Questo progetto lo avete chiamato “Nuovo Rinascimento”…
«Sono anni che in consiglio comunale inizio i miei discorsi dicendo che servirebbe un nuovo rinascimento nel modo di pensare, di comportarsi e anche di pretendere i nostri diritti. Basta con i veli pietosi, e basta dire: “Ma sì, tanto siamo in Italia”. Anzi, deve essere il contrario. “Siamo in Italia” deve essere un vanto, perché abbiamo tutte le caratteristiche, tutte le opportunità per diventare il Paese più bello del mondo. Gli italiani, se presi singolarmente, credo siano persone piene di qualità, inventiva, intelligenza… ma messi insieme rischiano di far emergere gli istinti meno nobili. E allora noi non diciamo: “Dovete comportarvi diversamente”. Noi cerchiamo di dare il buon esempio».
Quali sono i punti chiave di questo “Nuovo Rinascimento”?
«Quello che ho chiesto io è di fare una piccola rivoluzione, partendo da ognuno di noi, con il sorriso. Senza alzare i toni e dando l’esempio, senza ergersi su un piedistallo e senza lamentarsi. Abbiamo pulito alcune vie qui intorno alla nostra sede, abbiamo rilevato alcune anomalie, alcuni lavori pubblici fatti male, ma anche alcune cose fatte bene. Andremo dalle istituzioni per segnalare come vanno fatte le cose, naturalmente a nostro avviso. Non siamo noi i responsabili, ma usufruiamo dei servizi: marciapiedi, piste ciclabili, verde… Insomma, il bene pubblico. E le istituzioni verranno da noi. Ai primi di ottobre incontreremo il nuovo Prefetto, il dottor Antonio Apruzzese».
Come si può aderire a questa iniziativa?
«Contattandoci, o venendoci a trovare nella nostra sede in via Toscanini 9, di fianco a piazza Gobetti. Il numero di cellulare è 340 8322033; il numero fisso è 0131 260385».
La sede di “Idea” è aperta tutti i giorni?
«Sì, e il motivo è dare uno scopo alle persone con disabilità, anche gravi, per uscire di casa e avere un punto di riferimento. Si può anche stare qui a prendere un caffè, stare in compagnia, chiacchierare in una sede riscaldata d’inverno e fresca d’estate. L’abbiamo già rimessa a posto tre volte, perché nel 1994 l’alluvione ci ha distrutto tutto, anche tanta documentazione; nel 2014 l’abbiamo ovviamente ristrutturata perché erano passati altri 20 anni, e quindi adesso abbiamo una sede molto funzionale.

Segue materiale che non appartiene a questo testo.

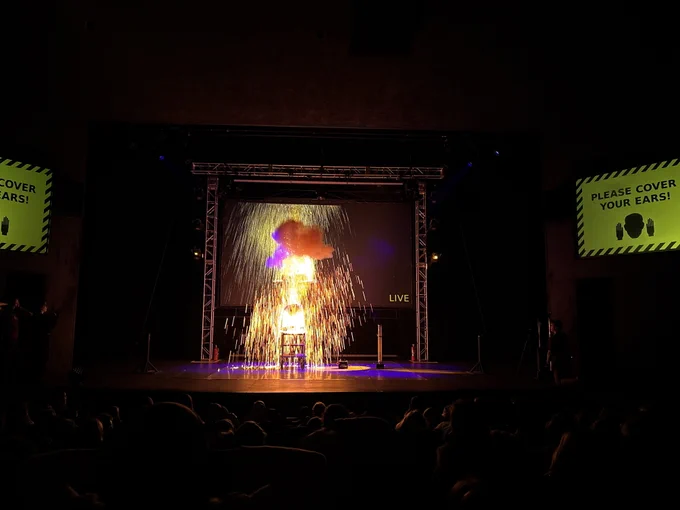 An explosion of sparks and smoke erupts on a theater stage.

E ce la godiamo».
C’è qualcosa che non ti ho chiesto e che ti preme dire?
«Ci sono anche molte persone che non hanno il coraggio di esporsi, di mettere il proprio volto in piazza, che preferiscono lamentarsi, telefonare da casa. Io invece invito tutti a venire qui, a vedere la sede e condividere le iniziative. Con questo “Nuovo Rinascimento” non è più il singolo cittadino che si scontra contro la burocrazia e le difficoltà, ma un gruppo che potrebbe anche diventare di qualche migliaio, non necessariamente di Alessandria. Ci sono anche persone da fuori che hanno aderito perché hanno visto su Facebook, o letto sui giornali, e ci hanno anche segnalato degli argomenti. Il prefetto Apruzzese ha dimostrato interesse e quindi noi auspichiamo che segua l’evoluzione di questa iniziativa. Ogni tre mesi chiederemo al sindaco, al presidente della provincia, ai direttori di Asl, Inps, Inail, al governo se le nostre richieste sono legittime e, in caso positivo, i tempi presunti per poter intervenire. Certo, sappiamo bene che questo “Nuovo Rinascimento” è una piccola rivoluzione, ma noi ci proviamo ugualmente. Per Alessandria, ma anche per la nostra regione e per tutto il Paese. Perché l’Italia possa “rinascere” come merita, nei diritti e nei doveri».